Page 1 of 1

read() system call: how to transfer data to userspace.

Posted: Fri Jan 22, 2021 1:18 pm
by Alpha
Hey everyone,

I was wondering how an OS handles read (or write) calls, especially for microkernels. At some point an user process wants to read from a file or pipe or whatever.
It does by calling the read syscall while specifying a buffer for the result and then it blocks until the work is done. The kernel then signals the filesystem to perform the read operation on a disk or on whatever the process wants to read from. While waiting for the data, another user process could be running, so the virtual address space could be different. So how does the OS transfer the data from the filesystem back to the calling process?

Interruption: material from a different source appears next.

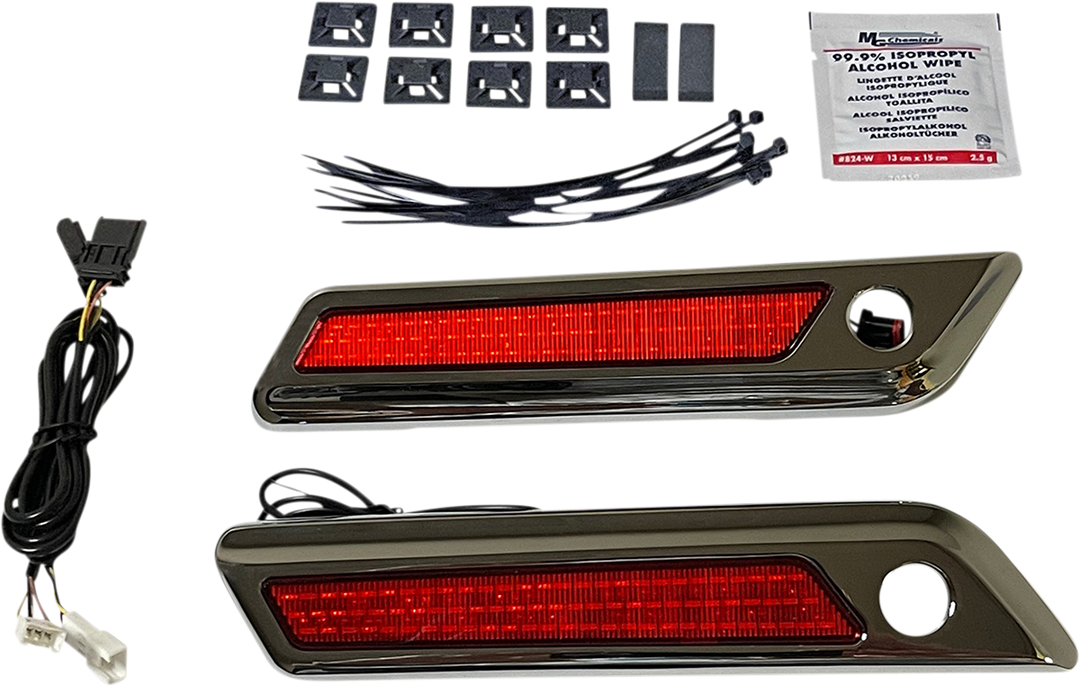 CUSTOM DYNAMICS Latch Light - Saddlebag - Red - Chrome CD-SBL-BCM-RC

I could think of copying the data first to a buffer in kernel space, then switch context and copy it back to the calling process. However that seems to be inefficient, especially when dealing with large amounts of data. Or another way could be to map the page of the user space buffer to the file system, but that would result in issues with protection and isolation of tasks, especially for microkernels.

Could someone tell me more about how this is commonly done? Or maybe tell me where I can find fore information about this?

Thanks a lot.

Re: read() system call: how to transfer data to userspace.

Posted: Fri Jan 22, 2021 1:42 pm
by AndrewAPrice
My microkernel's messaging system allows 'gifting' another process memory pages.

There will be some copying in the driver into the message, but then it's up to the receiving process if it wants to read the data in situ or copy it out.

Re: read() system call: how to transfer data to userspace.

Posted: Fri Jan 22, 2021 1:55 pm
by nexos
On a microkernel, read() is implemented in a userspace VFS server. Your kernel's IPC system should allow for sending data with a message. Also, using async I/O would be a nice touch. So, here is how it would go
A thread sends the VFS a 'read' message. On async I/O, this doesn't wait for the data to be read.
The VFS calls the filesystem driver (whether it resides in the process or in another server) to read
The filesystem driver reads data from disk, sending a message to the disk driver
The VFS sends the thread that initiated the request a message, passing it the data read
The thread continues on having read the file data.
That is how I would handle file I/O on a microkernel.

Re: read() system call: how to transfer data to userspace.

Posted: Fri Jan 22, 2021 3:29 pm
by xeyes
Alpha wrote: how this is commonly done? Or maybe tell me where I can find fore information about this?

Thanks a lot.
Look at the code or documentation of Linux or HURD and you'd know "how this is commonly done".

But my 2 cents are:
1. what's the fun in copying not only an interface but also its implementation?
2. their implementation could be complex enough, or have complex enough dependencies on the other parts of their kernel, to make copying them impractical time-wise or "value of time-wise"

My current thoughts on this problem:

The ideal and efficient way seems to be fully pass by reference, and if the user space app is cooperative enough this should be doable on modern HW if your allocation system has support for this.

Step 1:
Modern disk controllers, network cards and other high speed peripherals probably have DMAs that can scatter, or else you can use IOMMU, thus the "need a big physically contiguous range" requirement may be bypassed and scattered physical pages can be allocated to make up the buffer.

Step 2:
Once the physical pages are filled by the DMA, the ISR can (itself or schedule DPC to) map the user space app's VA the same way (as IOMMU or as the DMA is set up to scatter data) and then return to or signal (in case of async syscall) the user space app. Which will at that point have access to the requested data without any CPU copying.

Some caveats:
1. Highly advanced kernel (like able to interrupt and preempt ISR and syscall, support things like DPC) is probably needed to sustain and show off this kind of efficiency

2. Maybe this is just my design issue, I added a basic cache that is in the data path, so anything read from the disk will have to be put into the cache and any user of the cache will have to memcpy the data out of it for their usage. Maybe this can be bypassed at least in certain cases, but in general it seems that a cache might be in the way if you want fully pass by reference. The filesystem implementation could also stand in the way.

3. The user space app may not be cooperative, it can request "read X KB into a buffer based at an un-page-aligned address please"

Good luck coming up with something, or if you'd rather copy an implementation that's not a bad starting point either. Be aware that you'll not be able to easily 'unlearn' it once you know how it works though.